The Headline or Status Line

• Your headline should answer a basic question such as "What am I looking for?" Casey says the answer should be fun and playful and prompt people to want to click into your profile to get to know you better. "Something like 'This week I'm looking for a great cocktail date near Central Park' is fun and makes your profile stand out.

• Like the username, stay away from being too clever. "When you use too many puns or inside references, people aren't getting to know the real you," Casey says.

The Description

• Create three separate paragraphs. The first, Casey says, should be about who you are and what you like to do. The second should contain things such as your pet peeves and personal quirks -- anything that is unique and stands out from the crowd. The last paragraph should detail what your life looks likes now, including the most recent movies you've seen, books you've read or places you've visited.

• Be brief. No one wants to read a novel, Casey says, and users should be careful about sharing too much.

• Be as unique as possible. "There was a point where everyone dating online was reading "The DaVinci Code" and they all made statements like 'I'm equally at home in a dive bar as I am dressing up,'" Allison says. "Those people don't seem real. Specificity is what makes you stand out. Tell people if you took a week off of work to follow Pearl Jam. Let them know about your "Lord of the Rings" collection! It's the best way to catch someone's eye."

• Spell check.

Get in It to Win It

Dr. Gian Gonzaga, a senior research scientist with eHarmony, says a key component to online dating is patience. "Imagine you're walking into a bar with 100 people in it. Services like eHarmony show you 10 people who you could go out with," he says. "But that doesn't mean they're perfect, just that they share important characteristics that are the basis for a good relationship. People spend years searching for a relationship. You can't give up because you go on a couple of dates that don't work out." What one woman learned from 100 dates

Casey agrees. "People put a lot of pressure on themselves when they date online, especially if people have exchanged a few great e-mails. Practice makes perfect. You have practice at dating."

In fact, both experts say that one of the hidden benefits of dating online is that it allows people to critically examine what they want out of life, not just out of a potential mate, in a way they hadn't done before. "It's supposed to be fun," Gonzaga says. "We love to hear the stories about people who end up married, but the life experience you gain, and knowing that people are going out and enjoying their lives, that makes us happy too."

Happily Ever After

In June 2007, Allison set a reminder for herself on her computer to cancel her online dating membership at eHarmony. The demands of her job had taken a bite out of her social schedule, and she hadn't found anyone promising in months. The money, she said, was going to waste.
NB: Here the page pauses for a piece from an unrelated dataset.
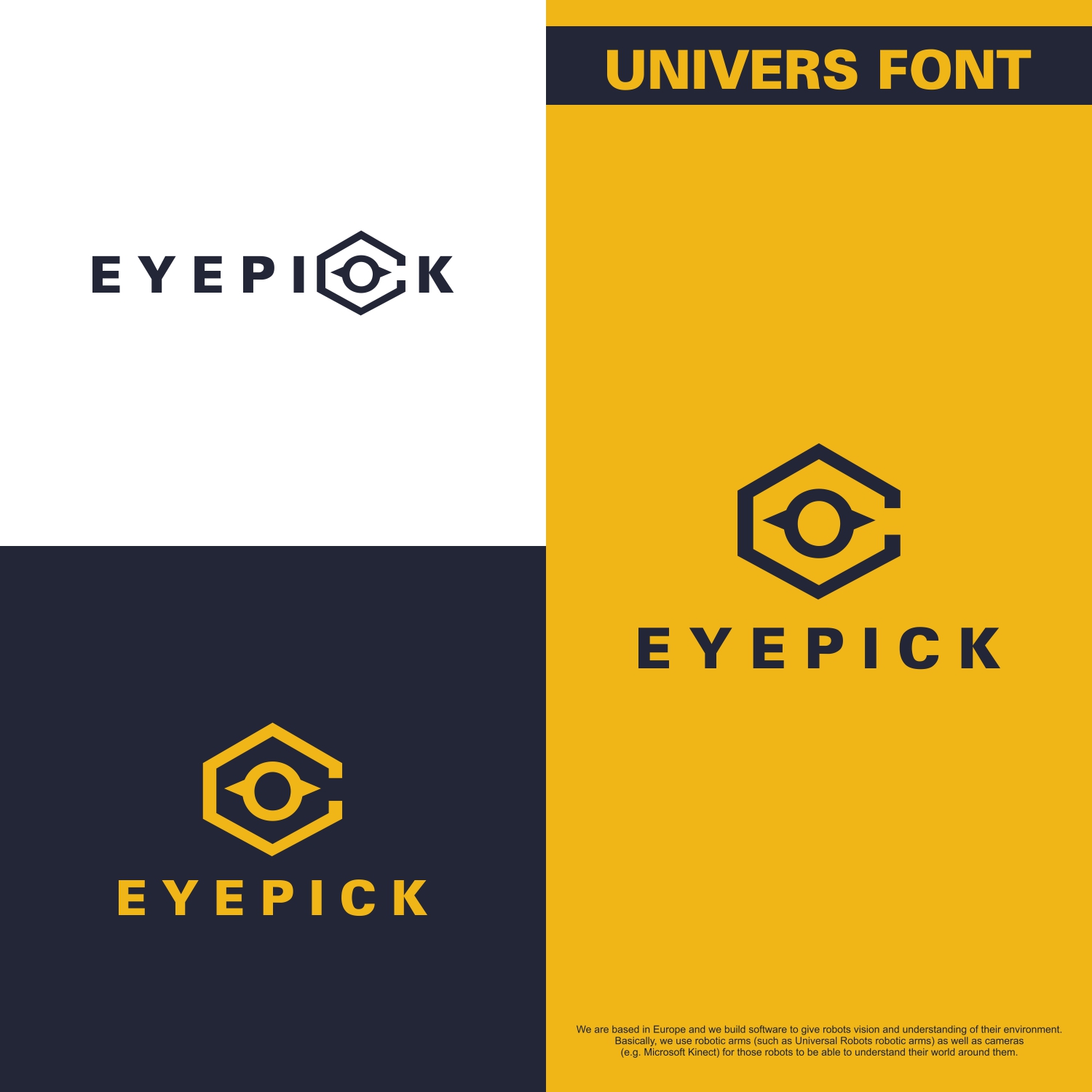 Logo Design by Farqaleit™ for this project | Design #22178529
"And then I got busy at work, ignored the reminder and forgot until I saw the deduction in my checking account," Allison said. "I was so mad at myself because I got tired of spending the money."

The very next day, she received this e-mail: "We'd like to introduce you to Jeff from Chicago." Nine months later, Jeff from Chicago asked Allison to marry him. In May 2009, they were married.

Casey says stories like Allison's aren't uncommon, but people should simply look at online dating as a means to an end. "You have to take every opportunity available to you," she says. "It doesn't mean you can't still meet people in real life; it just means you're enhancing your options."